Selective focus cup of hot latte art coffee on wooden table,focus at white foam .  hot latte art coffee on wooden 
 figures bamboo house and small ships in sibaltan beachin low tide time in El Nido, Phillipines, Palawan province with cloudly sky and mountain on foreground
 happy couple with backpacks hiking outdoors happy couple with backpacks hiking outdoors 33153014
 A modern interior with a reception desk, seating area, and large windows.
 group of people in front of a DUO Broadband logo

* TASK REQUIREMENTS *
Retype the whole of the material word for word.

* SOLUTION BELOW *
Selective focus cup of hot latte art coffee on wooden table,focus at white foam .  hot latte art coffee on wooden 
 figures bamboo house and small ships in sibaltan beachin low tide time in El Nido, Phillipines, Palawan province with cloudly sky and mountain on foreground
 happy couple with backpacks hiking outdoors happy couple with backpacks hiking outdoors 33153014
 A modern interior with a reception desk, seating area, and large windows.
 group of people in front of a DUO Broadband logo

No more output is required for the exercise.